# Stir crazy...



## Tabitha (Nov 24, 2007)

Let me whine for a moment.....

Boo-Hoo, it's 40 degrees here in Texas & it's raining. Last week it was 80 degrees & the sun was shining. People who choose to live in TX do so because we don't do cold weather!!!! Wha, wha, boo, hoo!

I am about to go stir crazy. We don't go out in this whether which to you northerners I am sure sounds pissy & crazy, but that is how it is down here.

I am bored out of my mind & don't feel like making bath & body items. I want to make something else... maybe scrapbook a bit...maybe go out to a movie if we did not have to GO OUT to do that... moan whine, moan whine..


----------



## webstorewebsites (Nov 24, 2007)

Tab, I would trade with you in a heartbeat. It hasn't rained or gotten cold here in SoCal for so long I forgot what it was like. This state is the pits. =/


----------



## Mandy (Nov 25, 2007)

Tabitha said:
			
		

> Boo-Hoo, it's 40 degrees here in Texas & it's raining. Last week it was 80 degrees & the sun was shining. People who choose to live in TX do so because we don't do cold weather!!!! Wha, wha, boo, hoo!



It's barely getting that cold in northern Utah and we're here for the cold weather and the snow. I was wearing a tank top last weekend outside because the weather was so warm. It's nearly December and we don't have any snow in our mountains.


----------



## Guest (Nov 25, 2007)

LOL Tab your like me.. I hate going out in the rain.. but we havent really gotten any yet.. just really FREAKIN COLD!


----------



## FitMommyOf2 (Nov 25, 2007)

Tab, I can totally relate!

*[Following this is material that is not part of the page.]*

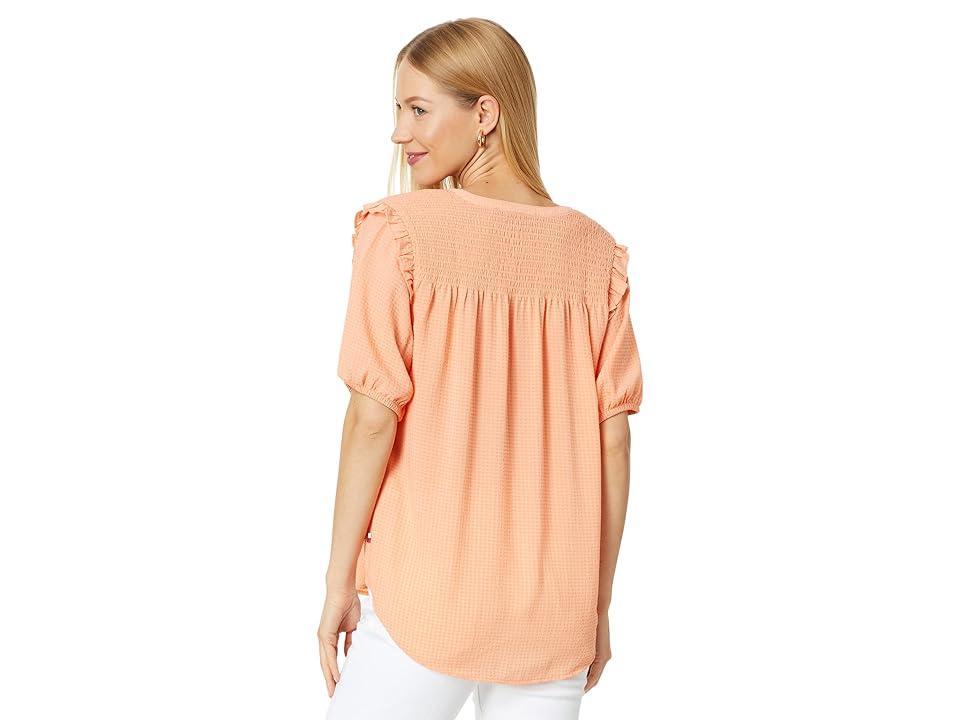 Tommy Hilfiger Short Sleeve Smock Yoke Top (Ivory) Women's Clothing Product Image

Even though I'm in RI right now, I seem to freeze much quicker than the 'real' RIers and rarely want to get out then either!


----------



## dragonfly princess (Nov 25, 2007)

I would gladly trade 40 degree weather for the balmy 15 degrees I drove to work in the other morning.  And Snow????  I FREAKIN HATE SNOW!!

I miss California!!  Have I said that before?   :roll:


----------



## Tabitha (Nov 25, 2007)

webstore, I was born & raised in SoCa, that is probbaly why I am moaning so much about 40 degrees :roll: .


----------



## webstorewebsites (Nov 26, 2007)

Tabitha said:
			
		

> webstore, I was born & raised in SoCa, that is probbaly why I am moaning so much about 40 degrees :roll: .



OK.. now I get it.. lol


----------



## Bret (Nov 26, 2007)

Tabitha said:
			
		

> Let me whine for a moment.....
> 
> Boo-Hoo, it's 40 degrees here in Texas & it's raining. Last week it was 80 degrees & the sun was shining. People who choose to live in TX do so because we don't do cold weather!!!! Wha, wha, boo, hoo!
> 
> I am about to go stir crazy. We don't go out in this whether which to you northerners I am sure sounds pissy & crazy, but that is how it is down here.



Doesn't sound pissy/crazy to me. I lived in Yoakum TX for 2-3 years when I was grade school. Coming from the Chicago area, I was shocked when they took us outside to catch snowflakes on black construction paper. And then let us out of school early. You call that snow??  

We had freezing rain mixed with snow yesterday, all day. Not much fun to go outside and feed the horses in that.


----------